Founded in 1999, the Southern African Federation Against Copyright Theft (SAFACT) has been fighting piracy for nearly two decades.
The group was long supported by a variety of media industry groups, but in recent years, things have gone downhill.
While the group still lobbied for tougher anti-piracy measures recently, SAFACT’s official website and social media accounts have been quiet for years.
In recent months matters took a turn for the worse. MyBroadband reports that the anti-piracy group is shutting down after several members decided to pull their funding.
Employees were informed about the decision to retrench in a letter they received mid-October. They were asked to vacate their offices and were promised one week in severance pay for every year served.
“The SAFACT board of directors do not believe that there is any compelling reasons that an organization such as SAFACT should still be in existence,” the letter, seen by MyBroadband, reads.
“It is not anticipated by the directors of SAFACT that any new members will want to fund SAFACT. SAFACT has effectively become dormant as it cannot operate without any funding.”
While no further details on the sudden course change were provided, recent scandals at the organization didn’t help.
Two of SAFACT’s female employees have accused a senior executive of sexual harassment. The executive refused to participate in the resulting disciplinary proceedings and resigned instead.
In addition, MyBroadband reports that a large sum of money disappeared and that there were various accusations of administrative and mismanagement.
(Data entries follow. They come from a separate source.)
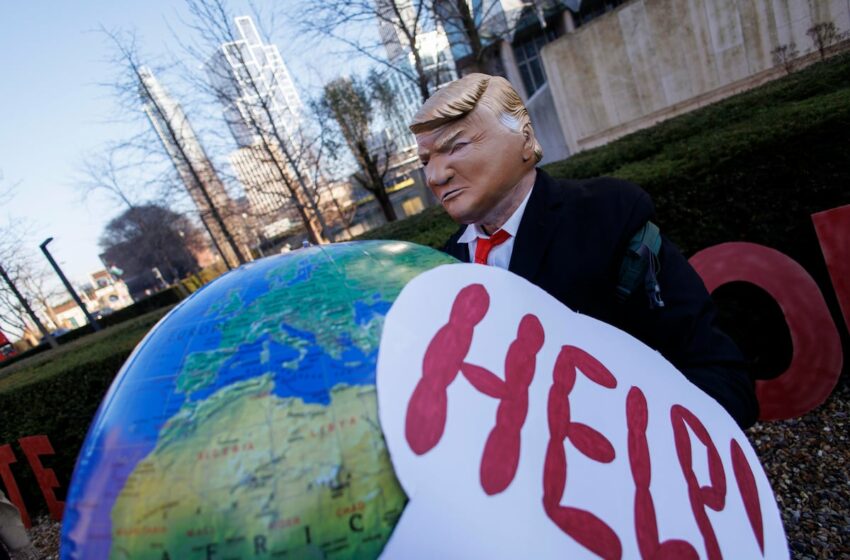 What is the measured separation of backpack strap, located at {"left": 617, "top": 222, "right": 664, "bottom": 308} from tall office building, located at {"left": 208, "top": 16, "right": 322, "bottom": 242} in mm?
10496

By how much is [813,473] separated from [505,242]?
270 centimetres

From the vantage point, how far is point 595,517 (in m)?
0.75

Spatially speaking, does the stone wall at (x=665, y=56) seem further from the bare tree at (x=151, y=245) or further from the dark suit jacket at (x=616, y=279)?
the bare tree at (x=151, y=245)

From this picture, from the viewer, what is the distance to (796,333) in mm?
2895

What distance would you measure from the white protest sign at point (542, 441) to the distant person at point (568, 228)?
0.21m

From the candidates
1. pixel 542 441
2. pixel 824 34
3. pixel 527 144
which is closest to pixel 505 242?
pixel 527 144

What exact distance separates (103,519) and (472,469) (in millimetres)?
589

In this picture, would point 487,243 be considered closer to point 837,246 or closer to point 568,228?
point 568,228

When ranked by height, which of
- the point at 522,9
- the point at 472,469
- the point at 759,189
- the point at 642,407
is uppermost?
the point at 522,9

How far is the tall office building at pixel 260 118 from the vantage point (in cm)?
1002

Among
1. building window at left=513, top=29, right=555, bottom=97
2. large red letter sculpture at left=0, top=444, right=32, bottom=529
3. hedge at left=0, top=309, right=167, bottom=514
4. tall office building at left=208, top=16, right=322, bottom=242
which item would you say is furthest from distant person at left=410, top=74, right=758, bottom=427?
building window at left=513, top=29, right=555, bottom=97

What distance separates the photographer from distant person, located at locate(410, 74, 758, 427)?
4.01ft

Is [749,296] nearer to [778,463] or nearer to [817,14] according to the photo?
[778,463]

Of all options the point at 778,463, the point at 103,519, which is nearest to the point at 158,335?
the point at 103,519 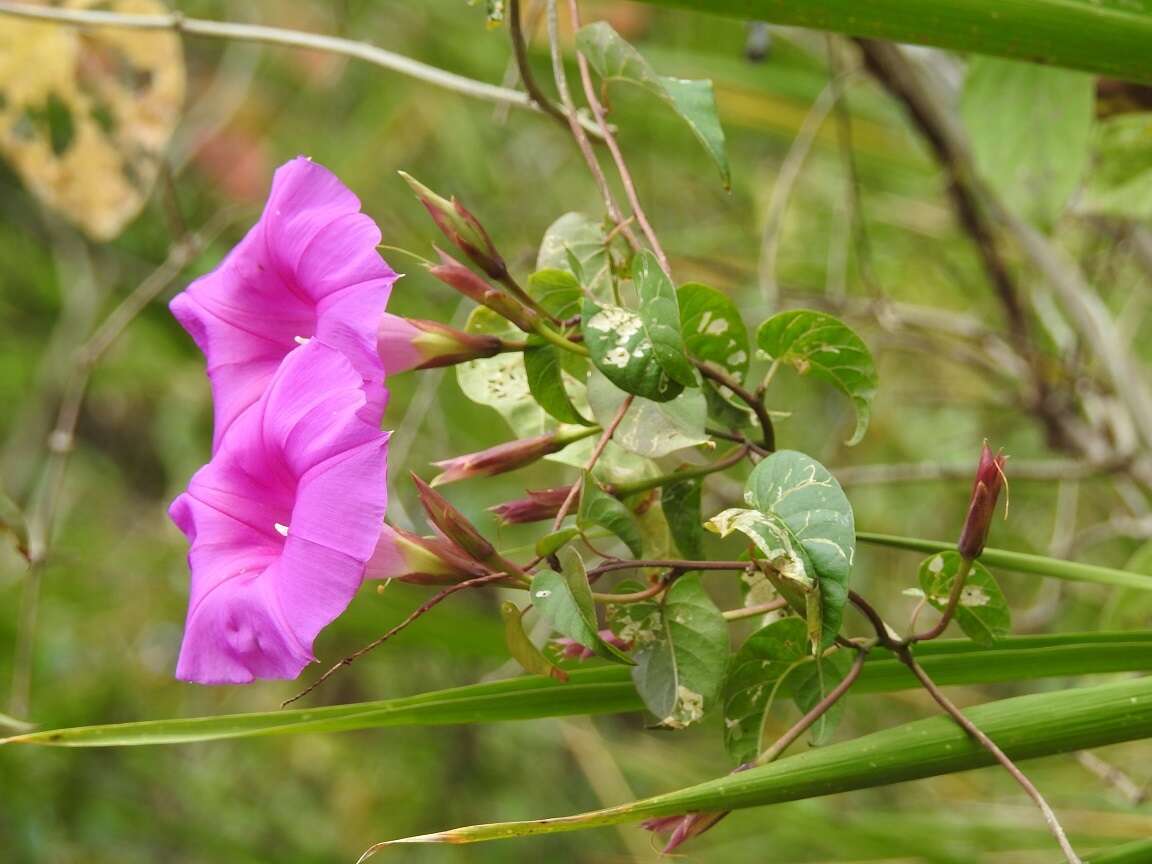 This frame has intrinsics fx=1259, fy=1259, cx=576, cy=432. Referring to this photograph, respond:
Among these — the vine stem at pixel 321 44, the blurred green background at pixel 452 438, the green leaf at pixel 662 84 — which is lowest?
the blurred green background at pixel 452 438

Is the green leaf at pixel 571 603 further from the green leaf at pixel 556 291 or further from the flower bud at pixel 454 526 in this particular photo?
the green leaf at pixel 556 291

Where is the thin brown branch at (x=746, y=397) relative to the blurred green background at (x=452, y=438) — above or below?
above

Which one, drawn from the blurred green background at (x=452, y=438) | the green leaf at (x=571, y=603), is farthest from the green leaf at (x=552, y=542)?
the blurred green background at (x=452, y=438)

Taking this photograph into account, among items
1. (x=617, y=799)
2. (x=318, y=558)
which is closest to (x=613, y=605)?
(x=318, y=558)

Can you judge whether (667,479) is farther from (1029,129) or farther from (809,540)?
(1029,129)

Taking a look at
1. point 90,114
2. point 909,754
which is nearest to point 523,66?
point 909,754

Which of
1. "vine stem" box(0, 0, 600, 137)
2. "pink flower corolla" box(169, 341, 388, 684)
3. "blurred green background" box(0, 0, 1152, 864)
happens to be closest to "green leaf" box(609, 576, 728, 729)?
"pink flower corolla" box(169, 341, 388, 684) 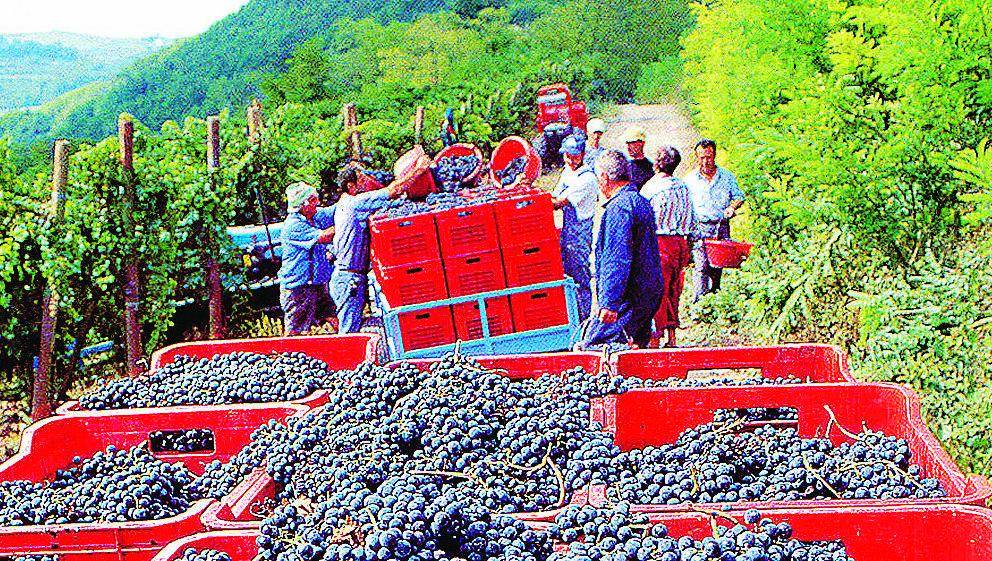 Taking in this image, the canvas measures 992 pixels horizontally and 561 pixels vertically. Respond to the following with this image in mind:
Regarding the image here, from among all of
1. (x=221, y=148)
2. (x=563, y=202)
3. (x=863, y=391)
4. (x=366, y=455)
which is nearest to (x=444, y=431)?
(x=366, y=455)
The company’s official records still list various directors who are no longer with the organization, for example.
Peter Dignan, Managing Director for United International Pictures in South Africa, is the current chair. When asked about the trouble he pointed to the lack of funding, without providing more detail.
Reportedly, all members – including the MPA, Disney Africa, and Multichoice – have either withdrawn their funding or indicated that they planned to do so. This left SAFACT with no other option than to close shop.
Over the past several years, the anti-piracy group has been in the news on several occasions, booking some successes locally. For example, it was the driving force behind South Africa’s first online piracy case, where a Pirate Bay user was sentenced to five years in prison.